Question

Is there a quadratic equation for polynomials of degree 3 or higher?

Answer 1

If you mean is there a closed formula for solutions of polynomial equations of degree `3` and higher, the answer is yes for `3` and `4`, 'sort of' for degree `5` and probably no for `6` and higher.

Explanation:

Basically there is a formula for roots of `ax^3+bx^2+cx+d = 0` and a horribly complex one for `ax^4+bx^3+cx^2+dx+e = 0`.

When you get to quintic equations, in general the roots are not expressible as ordinary `n`th roots.

For example, the roots of `x^5+4x+2 = 0` are not expressible in terms of ordinary radicals.

You can use something called a Bring Radical to express solutions of the general quintic equation, but getting the quintic into Bring Jerrard normal form (`x^5+ax+b = 0`) is way too complex.
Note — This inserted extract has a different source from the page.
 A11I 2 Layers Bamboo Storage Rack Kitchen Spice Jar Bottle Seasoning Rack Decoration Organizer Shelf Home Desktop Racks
As regards degree `6` and above, there may be some generalisations of the advanced methods used for quintics, but I'm not sure.

Cubic

Note: I'm doing this from scratch and not checking my answer carefully, so there may be some errors in the following, but it should illustrate the principles:

`ax^3+bx^2+cx+d = 0`

First use a Tschirnhaus transformation, letting `t = x+b/(3a)` to eliminate the term of degree `2`.
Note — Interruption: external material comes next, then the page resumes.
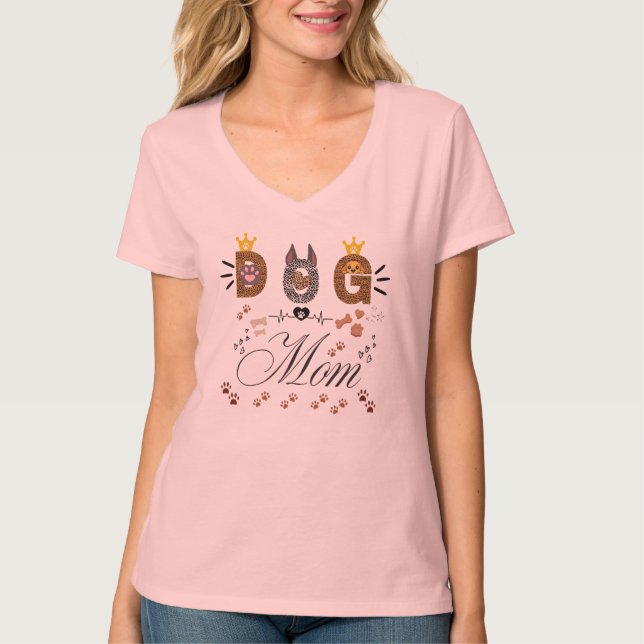 Camiseta Dog Mom Leopard Print Paw Design/Leopard Dog Mom (Frente)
Then our equation becomes:

`at^3+(c-b^2/(3a))t+(d+b^3/(9a^2)-(bc)/(3a)) = 0`

Let `p = c/a-b^2/(3a^2)` and `q = d/a+b^3/(9a^3)-(bc)/(3a^2)`

Then `t^3+pt+q = 0`

Now write `t = u+v`

Then:

`0 = t^3+pt+q = (u+v)^3+p(u+v) + q`

`=u^3+v^3+(3uv+p)(u+v) + q`

Next add the constraint that `v = -p/(3u)`, so that `3uv+p = 0`.

Then:

`u^3-p^3/(27u^3)+q = 0`

Multiplying through by `27u^3`, we get:

`27(u^3)^2+27q(u^3)-p^3 = 0`

Use the quadratic formula to deduce:

`u^3 = (-27q+-sqrt((27q)^2+4*27p^3))/(2*27)`

`=-q/2+-sqrt(81q^2+12p^3)/18`

Due to the symmetry in `u` and `v`, one of these roots will be `u^3` and the other `v^3`, so we can deduce:

`t = root(3)(-q/2+sqrt(81q^2+12p^3)/18) + root(3)(-q/2-sqrt(81q^2+12p^3)/18)`

Then:

`x = t-b/(3a)`

`= -b/(3a) + root(3)(-q/2+sqrt(81q^2+12p^3)/18) + root(3)(-q/2-sqrt(81q^2+12p^3)/18)`

If the cubic has one Real root or a repeated root then `81q^2+12p^3 >= 0` resulting in a Real square root and this formula works well. Otherwise, you have to deal with cube roots of Complex numbers, which is not so nice.

Answer 2

Quartic equations can be reduced to solving cubics and hence potentially to a closed formula solution that way...

Explanation:

General Quartic Equation

`ax^4+bx^3+cx^2+dx+e = 0`

First use a Tschirnhaus transformation `t = x+b/(4a)` to get a quartic with no cube term and divide that through by `a` to get a quartic equation in the form:

`t^4+pt^2+qt+r = 0`

This must factorise in the form `(t^2+At+B)(t^2-At+C)` since there is no cube term. Equating coefficients, we get a system of equations:

`B+C-A^2 = p`

`A(C-B) = q`

`BC = r`

Now `(B+C)^2 = (B-C)^2 + 4BC`

So:

`(p+A^2)^2 = q^2/A^2 + 4r`

Hence:

`(A^2)^3+2p(A^2)^2+(p^2-4r)(A^2)-q^2 = 0`

...which is a cubic in `A^2`

We can solve the cubic to derive `3` possible roots for `A^2`, at least one of which is Real (though it may be negative). Choose one of the roots of the cubic and take its square root to get a value for `A`, hence `B` and `C`. This leaves you with a couple of quadratic factors to solve.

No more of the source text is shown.